◆ Task item ◆
Data follows below. Repeat exactly the lines between the line holding "Ausgabe vom Dienstag, den 14. Februar 1899." and the line holding "A critical edition", inclusive, and nothing more; drop pictures.

◆ Input for this task ◆
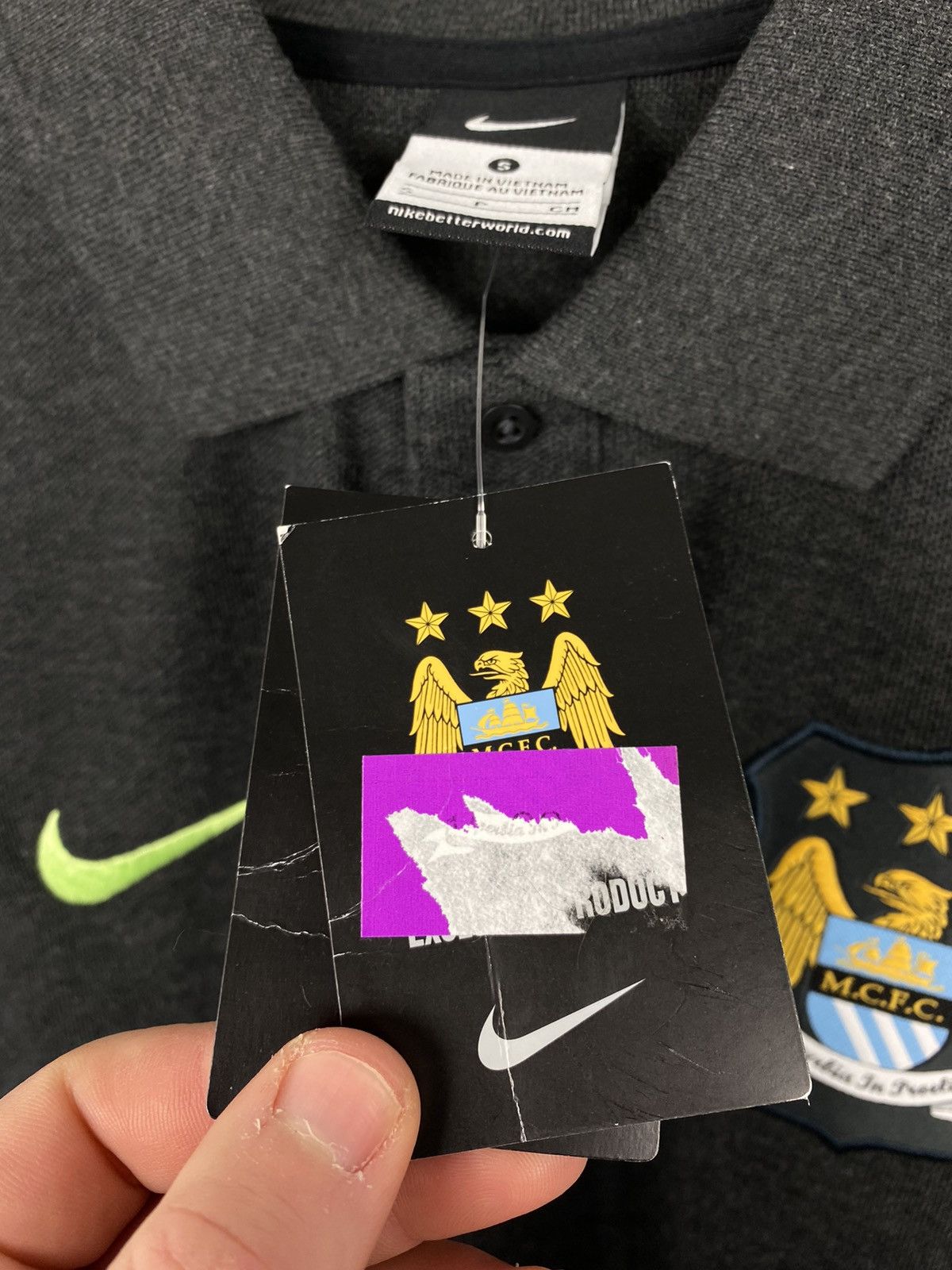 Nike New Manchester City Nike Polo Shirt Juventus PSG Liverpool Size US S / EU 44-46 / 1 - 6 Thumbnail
---
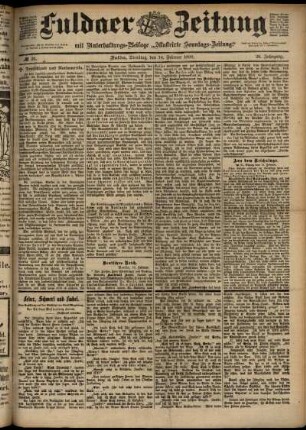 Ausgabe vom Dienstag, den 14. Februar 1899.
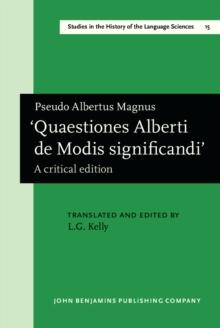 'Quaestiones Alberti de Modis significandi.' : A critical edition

◆ Solution to this task ◆
 Ausgabe vom Dienstag, den 14. Februar 1899.
 'Quaestiones Alberti de Modis significandi.' : A critical edition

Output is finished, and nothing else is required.